Last week I had the chance to sit down with Robert Pattinson, star of Twilight. In the past editions of Movie Playlist, I have gotten pretty much what I’ve expected. The intellectual director usually spouts off a bunch of cool obscure films from the 1950’s and 1960’s, and actors usually focus on the careers of a few key actors. But I’ll admit, Robert’s choices were both surprising and refreshing.
/Film: What’s the movie that you’ve seen the most, do you think, in your lifetime?

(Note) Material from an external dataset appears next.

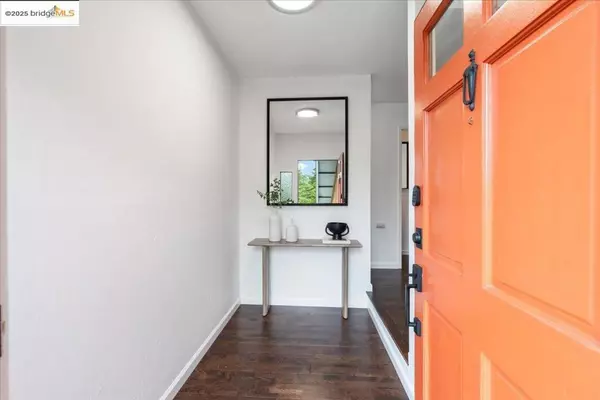 Oakland, CA 94611,6861 Saroni Dr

Robert Pattinson: I go through periods where I just watch the same thing again and again and again. I’ve been watching this movie called Ivansxtc. It’s a Danny Huston movie. I watched it like 50 times this year.
/Film: Why were you so attracted to that film?
Robert Pattinson: If you watched it, you’d understand. It starts off kind of stupid, but it ends up being Danny Huston. It’s kind of transcendent. He lifts the whole movie. It’s like when you just see an actor and they’ve got the part of their career, and the scene and they’re not messing up. It’s an amazing, amazing movie. I don’t even think you can buy it in America.
/Film: I haven’t even heard of this one.
Robert Pattinson: I know. It’s like they don’t sell it anywhere. They sell it in England everywhere, but I can’t get it anywhere in America.
Robert Pattinson: I grew up watching lots of different Jack Nicholson movies. So, I was like kind of really into Jack Nicholson. Five Easy Pieces – I guess I’ve watched that a lot.
/Film: Why Jack Nicholson?
Robert Pattinson: I think he is literally the only actor who I can guarantee if I see a Jack Nicholson movie which I haven’t seen, even though I’ve seen them all now, but it’s like the same Jack Nicholson on a DVD box or whatever. It’s like seal of approval. So, you know that there’s something going to be worth watching about the movie. Every single thing he’s done, It’s bizarre.
/Film: You’ve never been disappointed by a Jack Nicholson film?
Robert Pattinson: Sometimes a little bit by the movie, but like there’s always something. There’s a few other actors who have quite a good track like him; maybe 90%, but like he has 100%.